# chi relativo



## Kermosura

Ciao ragazzi, ho un dubbio. Mi piacerebbe sapere se posso usare in questo caso il pronome chi, o se invece è meglio usare un altro tipo di costruzione.

"Consiglierei a chi piace l'arte e la storia di visitare Roma"

"Consiglierei a tutti quelli a cui piace l'arte e la storia di visitare Roma"

Grazie per i vostri consigli!


----------



## laurella

Ciao!

Ad orecchio mi suona molto meglio la seconda opzione.
Ancora meglio direi _"A coloro ai quali piace e l'arte e la storia, consiglierei di visitare Roma"_ sempre che tu non possa dire _"A chi è appassionato di arte e storia, consiglierei di visitare Roma"_, ma questo dipende dal contesto.
Spero di averti aiutato almeno un pochino. Ciao!


----------



## Kermosura

Grazie di tutto!


----------



## Giorgio Spizzi

Non ci sono alternative alla seconda frase: la prima sarebbe corretta con un verbo transitivo come "amare", "ammirare", "adorare", ecc.

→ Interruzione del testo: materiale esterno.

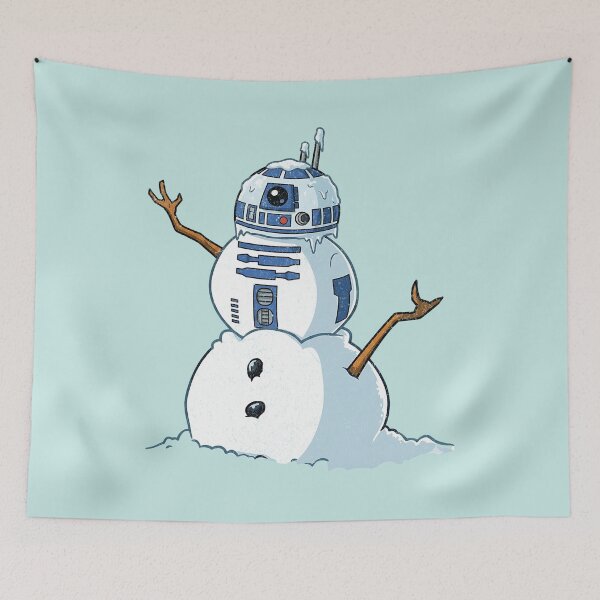 Item preview, Galactic Snow Bot designed and sold by AwesomeBeyondLimits.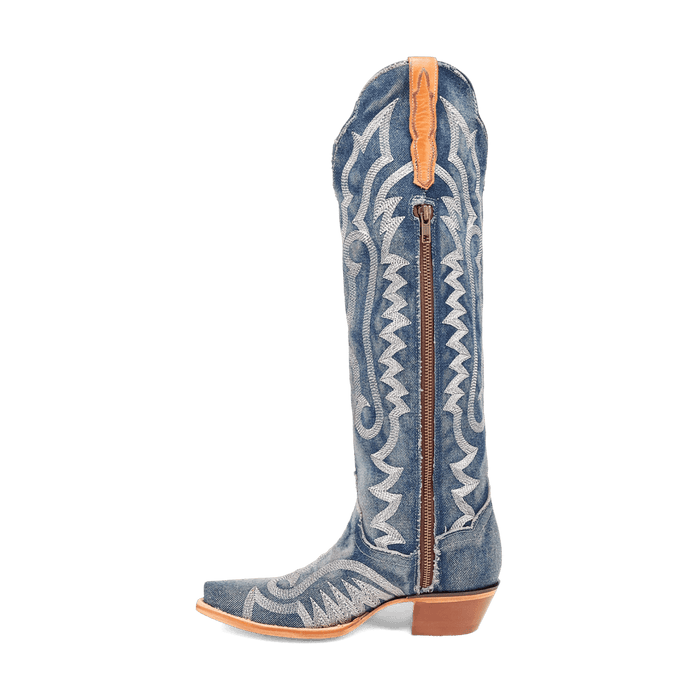 Women's Dan Post Denim Darlin' Western Boots
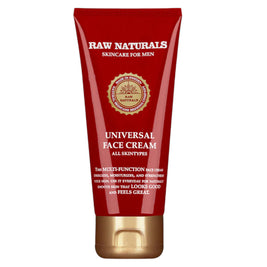 Raw Naturals, Universal Κρέμα Προσώπου, 100% vegan, Ενυδατικό, Κρέμα Προσώπου, 100 ml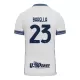 Camisola Inter Milan Barella 23 Homem Equipamento 2ª 2024/25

Il verbo "piacere" richiede una costruzione diversa.

GS


----------



## Necsus

O _apprezzare_. E direi _piacciono _(vedi discussione su 'folla e popolino'). 
Giorgio, neanch'io consiglierei 'consiglierei a chi piace l'arte', però non riesco a individuarne esattamente il motivo, perché questo fatto mal si concilia con la regola che ho riportato anni fa nella discussione su '*Chi':* 


> 'Chi' è un pronome doppio, o dimostrativo-relativo, ed equivale a 'colui il quale', ma ha delle regole d'uso secondo le quali la sua funzione può essere di:
> [...]
> 3) complemento indiretto nella reggente e soggetto (sii buono con chi [con colui/comp.ind. - il quale/soggetto] ti vuole bene), o oggetto (sono certo dell'innocenza di chi [di colui/comp.ind. - il quale/oggetto] accusi), o complemento indiretto (il messaggio giunse a chi [a colui/comp. ind. - al quale/comp.ind.] era diretto) nella relativa.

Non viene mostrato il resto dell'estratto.